Methods of Nutrition Care
As outlined above, individuals diagnosed with cancer are at risk for malnutrition resulting from the disease itself; from anticancer therapy such as surgery, radiation, or pharmacologic therapy; and/or from anorexia due to emotional turmoil. The following sections highlight the benefits, contraindications, methods of administration, and home care issues for all forms of nutrition support—oral, enteral, and parenteral.

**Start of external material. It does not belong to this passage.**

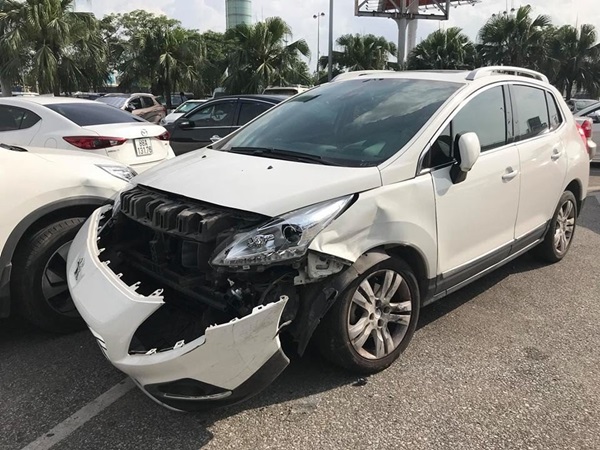 Kiểm tra giấy tờ xe ô tô khi mua xe cũ: Cảnh giác xe tai nạn, ngập nước được sửa chữa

The preferred method of nutrition support is via the oral route, with the use of dietary modifications to reduce the symptoms associated with cancer treatments. Enteral nutrition is indicated when the gastrointestinal (GI) tract is functional but oral intake is insufficient to meet nutritional requirements. Common situations in which enteral nutrition may be needed include malignancies of the head and neck regions, esophagus, and stomach. When the GI tract is dysfunctional, total parenteral nutrition (TPN) or enteral nutrition may be indicated; however, the widespread use of TPN is controversial because little evidence of improved survival has been demonstrated in patients with advanced cancer. Parenteral nutrition has been shown to be beneficial in only a small group of patients—specifically, postoperative patients who are being aggressively treated and who have demonstrated a positive response rate. One study  reported that patients with GI cancer benefited from perioperative support with TPN, with one-third fewer complications and decreased mortality.

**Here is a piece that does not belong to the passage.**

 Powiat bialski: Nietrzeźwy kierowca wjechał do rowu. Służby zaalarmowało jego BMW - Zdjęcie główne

Optimal nutrition can improve the clinical course, outcome, and quality of life of patients undergoing treatment for cancer. Virtually every cancer patient could benefit from consultation with a registered dietitian or physician to formulate a plan for nutrition and to begin meal planning. Oral nutrition, or eating by mouth, is the preferred method of feeding and should be used whenever possible. Appetite stimulants may be used to enhance the enjoyment of foods and to facilitate weight gain in the presence of significant anorexia.

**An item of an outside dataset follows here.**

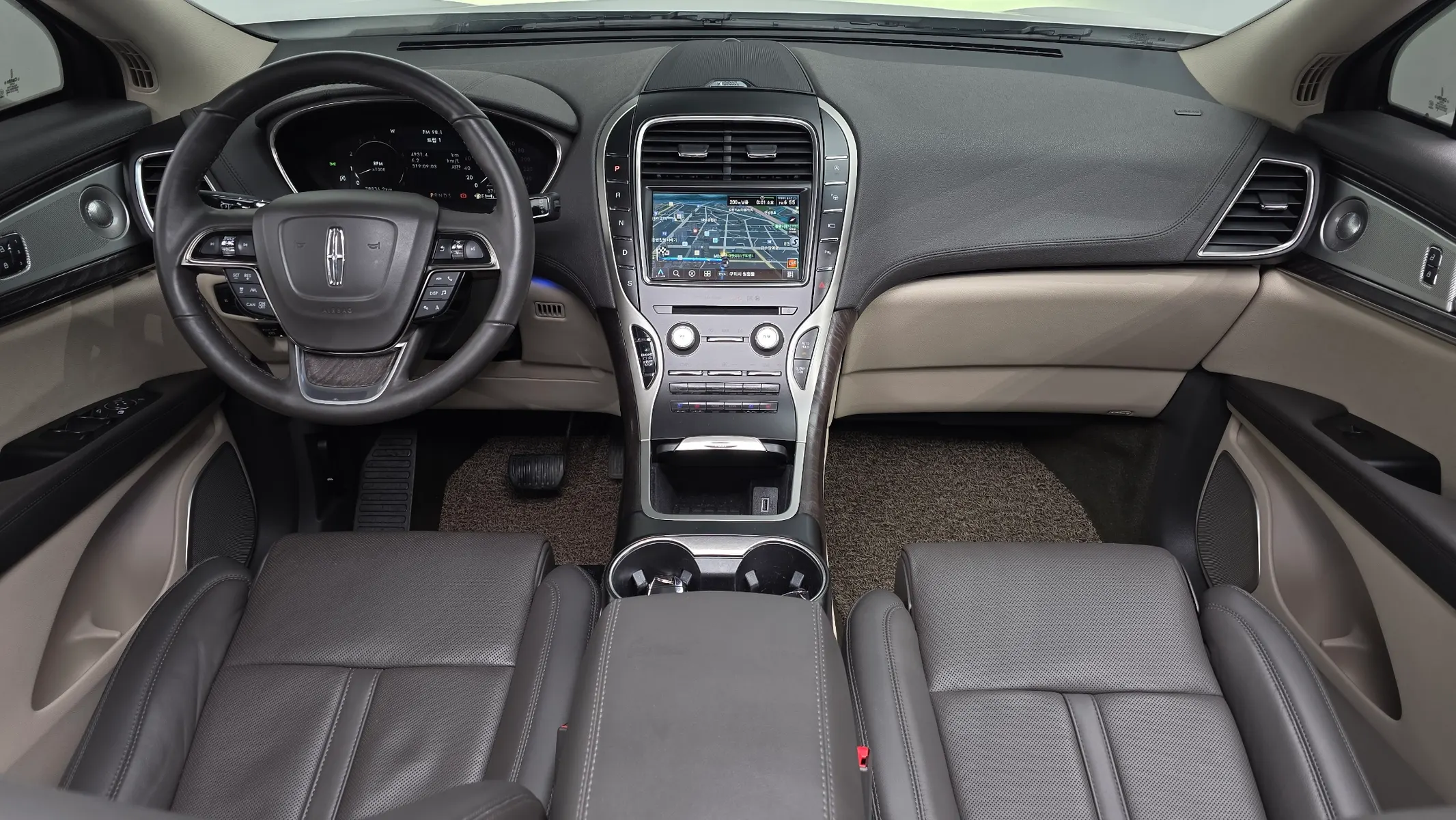 Lincoln 1 2.7 AWD 2019 4/5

Recommendations during treatment may focus on eating foods that are high in energy, protein, and micronutrients to help maintain nutritional status. This may be especially true for individuals with early satiety, anorexia, and alteration in taste, xerostomia, mucositis, nausea, or diarrhea. Under most of these circumstances, eating frequently and including high-energy and high-protein snacks may help overall intake.
At-risk individuals who may benefit from nutritional support might have one or more of the following characteristics:
- Low body weight, as defined by less than 80% of ideal weight or recently experienced unintentional weight loss of more than 10% of usual weight.
- Malabsorption of nutrients due to disease, short bowel syndrome, or anticancer therapy.
- Fistulas or draining abscesses.
- Inability to eat or drink for more than 5 days.
- Moderate or high nutritional risk status as determined by screening or an assessment tool.
- The ability to demonstrate competencies for discharge planning on nutritional support (both individual and caregiver).